• Information shown:
--

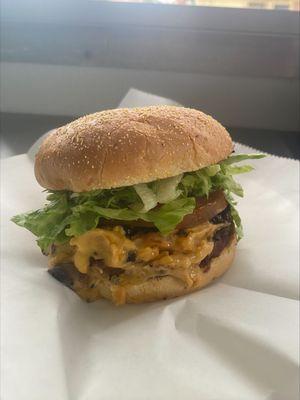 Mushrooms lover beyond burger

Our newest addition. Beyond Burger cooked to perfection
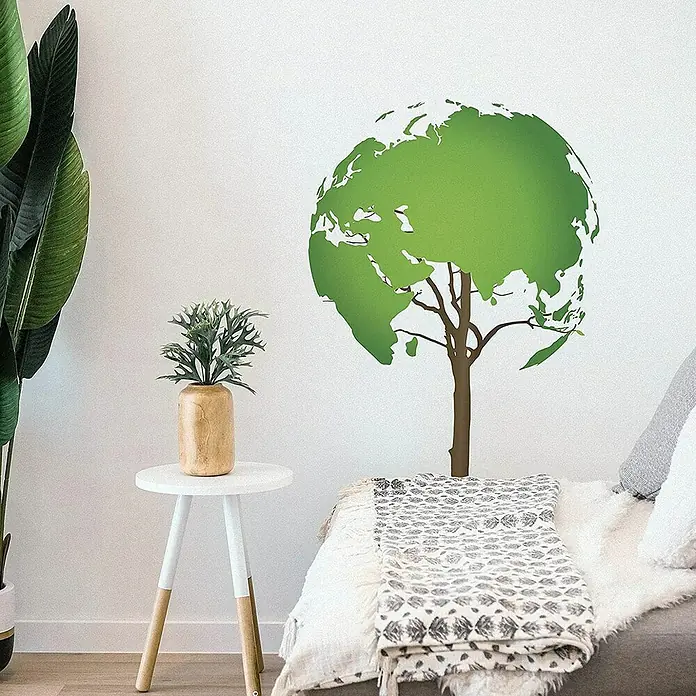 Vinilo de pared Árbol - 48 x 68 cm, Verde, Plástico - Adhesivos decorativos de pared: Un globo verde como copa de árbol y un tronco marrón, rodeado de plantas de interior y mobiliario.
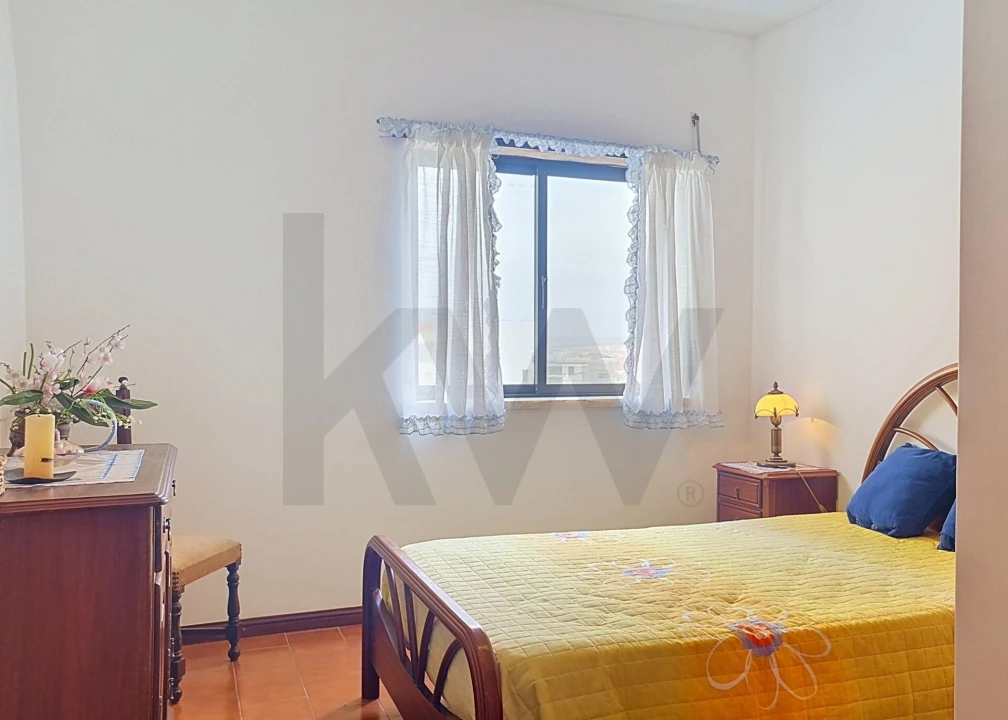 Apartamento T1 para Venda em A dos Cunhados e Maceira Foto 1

--

• Exercise description:
Without the pictures, repeat every line of the material above exactly.

• Exercise result:
 Mushrooms lover beyond burger

Our newest addition. Beyond Burger cooked to perfection
 Vinilo de pared Árbol - 48 x 68 cm, Verde, Plástico - Adhesivos decorativos de pared: Un globo verde como copa de árbol y un tronco marrón, rodeado de plantas de interior y mobiliario.
 Apartamento T1 para Venda em A dos Cunhados e Maceira Foto 1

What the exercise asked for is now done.